You can’t go out to a club, so the Design Museum is transforming itself into one. This exhibition presents the people, art , design, engineering and photography fundamental to shaping electronic music. A 3D presentation of Kraftwerk, the dance floors of Detroit, Chicago, Paris and Berlin and an installation that responds to sound all feature in a showcase that overwhelms the senses.

July 31-February 2021, Design Museum,

Cao Fei: Blueprints

Early in the summer, the Serpentine Gallery opens with the return of Cao Fei’s Blueprints. The Beijing-based multimedia artist and filmmaker combines video, photography and numerous objects together in her site-specific installation exploring the era of rapid technology advancement.

August 4-September, Serpentine Gallery,

Derek Jarman: My garden’s boundaries are the horizon

Artist and filmmaker Derek Jarman ‘s home in Dungeness, Prospect Cottage, was recently saved by a massive fundraising effort.
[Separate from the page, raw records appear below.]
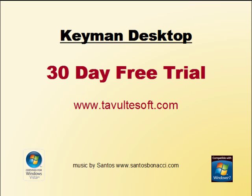Thank you for taking the time to view this video. Download Keyman Desktop and begin typing in your language today.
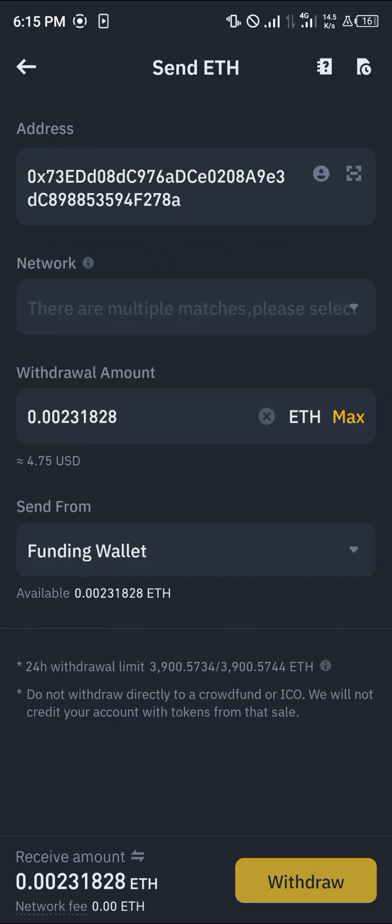Now by doing this we successfully converted our Solana into Ethereum. Do comment down below if you have a question and you'll be given an answer. Thank you.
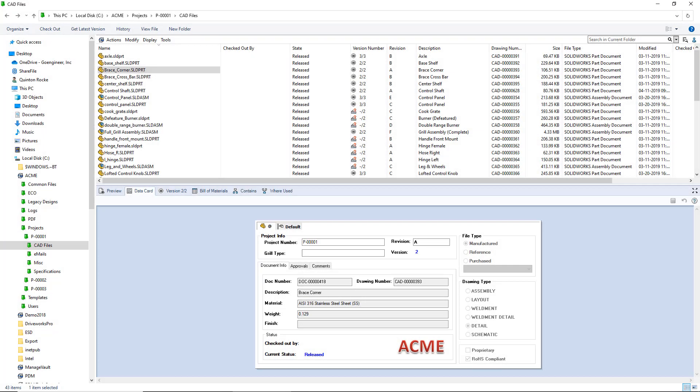Hello, my name is Quinton Rock and I'm an application engineer here at Go Engineer. In this tip, we'll take a look at a quick way to take a file data card and convert it over to a search card.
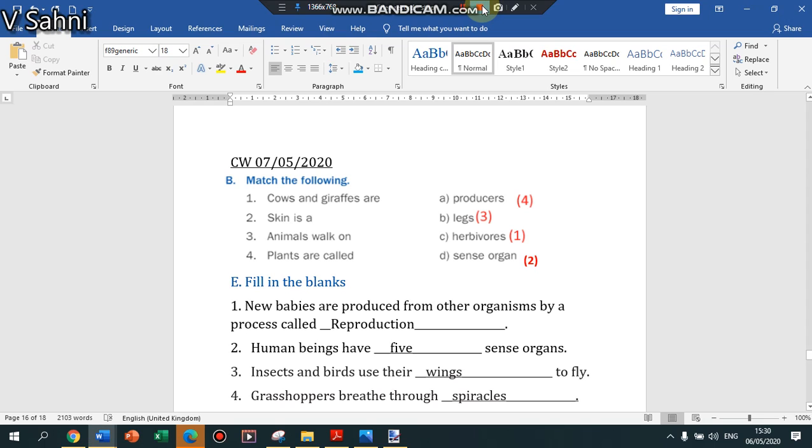Good morning students, this is the class for 7th of May. Now we are going to start with matching the following. We'll have a quick look at cows with grubs are herbivores.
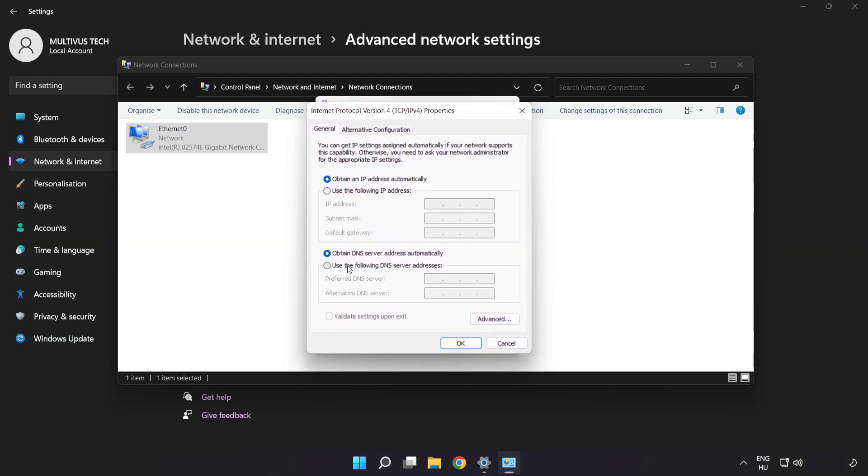Click Use the Following DNS Server Addresses. Type 8.8.8.8, then type 8.8.4.4.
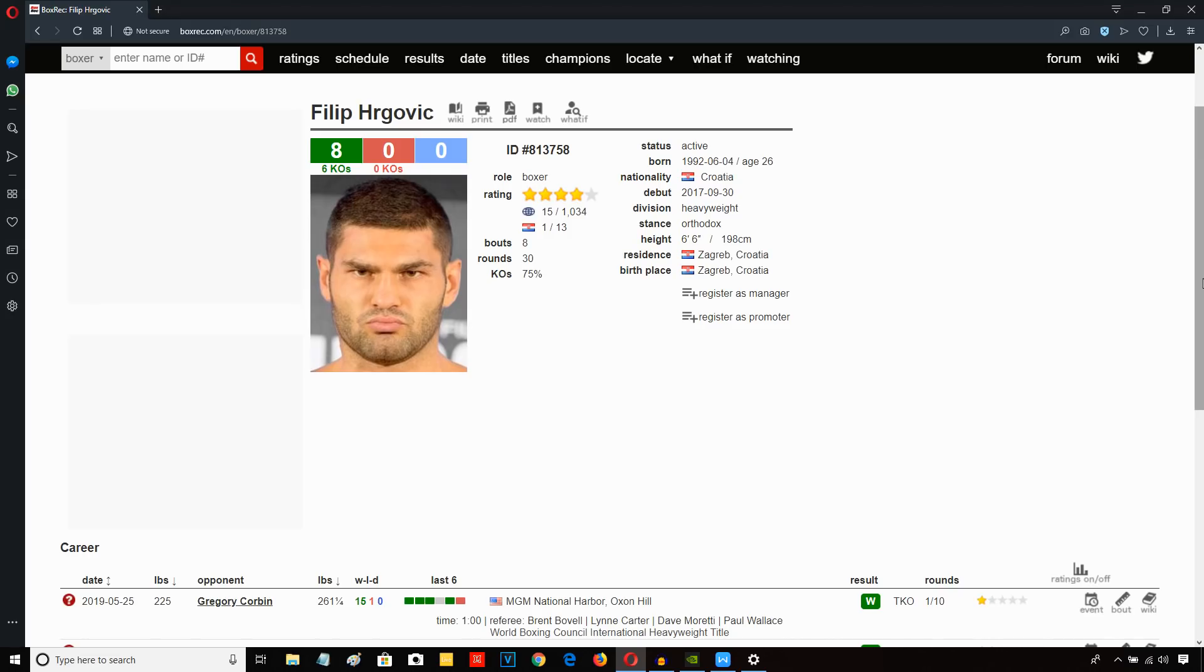Filip Hergovic has the demeanor of a young Vitaly Klitschko. He's very stern, mean-looking face, talks kind of like Vitaly Klitschko as well, even fights a little bit like him. He kind of sways back from punches as a defense mechanism.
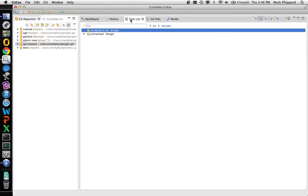That pretty much covers all of the things you can do with the windows in Giteye. Hopefully this helps you fine tune the user experience to your liking. Thank you.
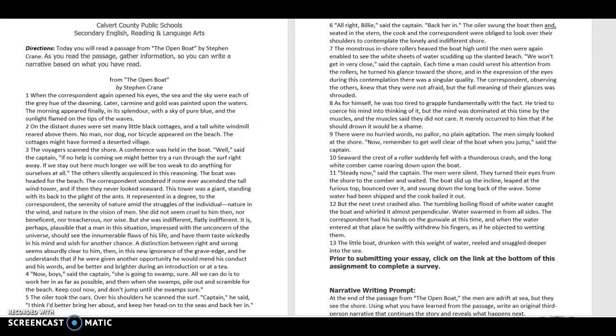Now, boy, said the captain, she is going to swamp shore. All we can do is work her in as far as possible, and then, when she swamps, pile out and scramble for the beach. Keep cool now, and don't jump till she swamps shore.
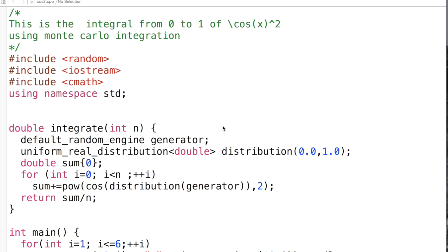So this is the way to do the integral from 0 to 1 of cos x squared using C++. Not necessarily in the most elegant way, but we've done it in a reasonably elegant way.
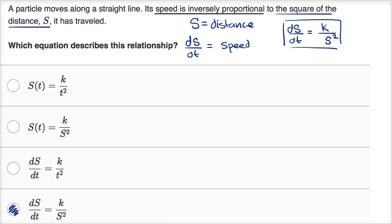Just to make sure we understand the other choices: one says the distance, as a function of time, is inversely proportional to time squared — that's not what they told us. Another says distance is inversely proportional to distance squared, which is especially strange. And another says ds/dt, the speed, is inversely proportional to time squared — but they said it's inversely proportional to the square of the distance it has traveled. So we like that first choice.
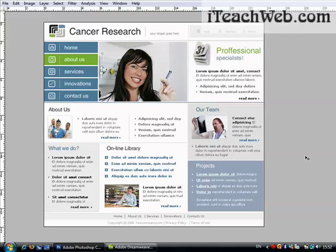Hello and welcome to this tutorial from iteachweb.com. This tutorial is all about slicing your PSD file to make an HTML document and therefore to make your website working. Most of the time when you design a website, your graphic designer designs the website and provides the PSD file to you, and your job is to either provide this PSD to another developer or to make the HTML yourself, which I think is very easy.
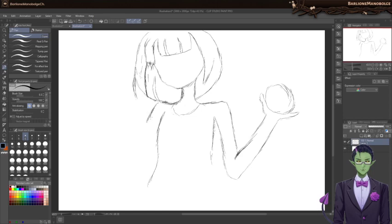All right, so this arm is partially obscured, though thankfully it's obscured by something transparent.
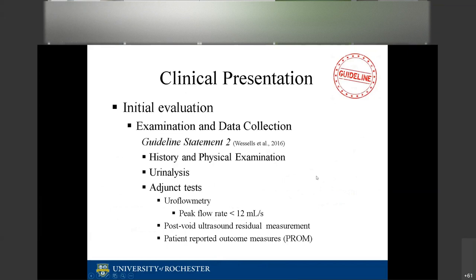The initial evaluation for urethral stricture disease per guidelines includes history and physical examination, urinalysis, patient-reported outcomes or measures, uroflowmetry, and a post-void residual. One recommendation is a peak flow of less than 12 mL per second as a threshold of concern.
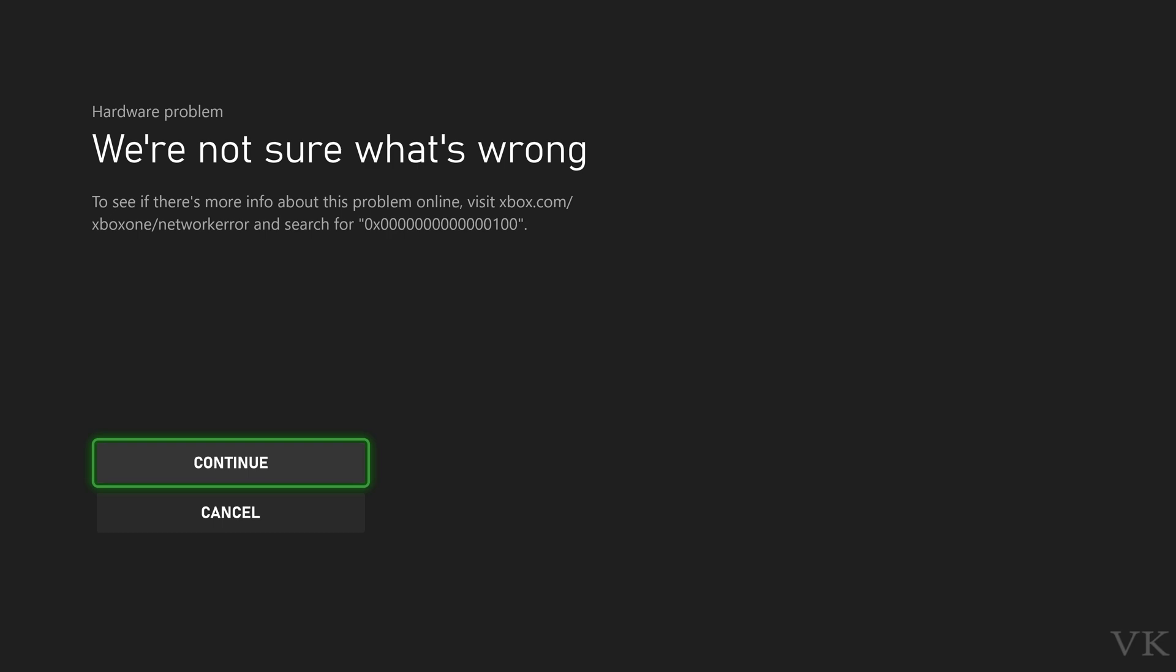Hello friends, in this video I am just going to explain how to resolve this hardware problem in Xbox, whether it can be Xbox Series or Xbox One consoles.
This exhibition is the first to center on his love of gardening, taking personal artefacts from the cottage out for the public to see, alongside his artwork and films.

Until September 20, Garden Museum,

Nightingale in 200 Objects, People & Places

With 2020 being the bicentenary of Florence Nightingale ‘s birth, the museum dedicated to the world’s most famous nurse is honouring her through 200 exhibits. A revolutionary health reformer, activist and one of history’s most influential women, the show looks at her life and unparalleled legacy.